*TASK INSTRUCTIONS*
Every entry below must be transcribed exactly, with no line missing.

Collected data:
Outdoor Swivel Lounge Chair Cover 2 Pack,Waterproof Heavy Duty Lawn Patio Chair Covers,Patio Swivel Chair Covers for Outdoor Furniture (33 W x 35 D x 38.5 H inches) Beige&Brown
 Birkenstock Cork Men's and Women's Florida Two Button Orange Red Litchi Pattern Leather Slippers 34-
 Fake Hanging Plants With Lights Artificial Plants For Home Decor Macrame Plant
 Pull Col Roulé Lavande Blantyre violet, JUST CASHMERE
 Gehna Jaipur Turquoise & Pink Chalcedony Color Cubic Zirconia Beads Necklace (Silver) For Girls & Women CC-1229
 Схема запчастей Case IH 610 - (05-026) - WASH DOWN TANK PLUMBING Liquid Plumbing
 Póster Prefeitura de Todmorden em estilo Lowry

*ANSWER AREA*
Outdoor Swivel Lounge Chair Cover 2 Pack,Waterproof Heavy Duty Lawn Patio Chair Covers,Patio Swivel Chair Covers for Outdoor Furniture (33 W x 35 D x 38.5 H inches) Beige&Brown
 Birkenstock Cork Men's and Women's Florida Two Button Orange Red Litchi Pattern Leather Slippers 34-
 Fake Hanging Plants With Lights Artificial Plants For Home Decor Macrame Plant
 Pull Col Roulé Lavande Blantyre violet, JUST CASHMERE
 Gehna Jaipur Turquoise & Pink Chalcedony Color Cubic Zirconia Beads Necklace (Silver) For Girls & Women CC-1229
 Схема запчастей Case IH 610 - (05-026) - WASH DOWN TANK PLUMBING Liquid Plumbing
 Póster Prefeitura de Todmorden em estilo Lowry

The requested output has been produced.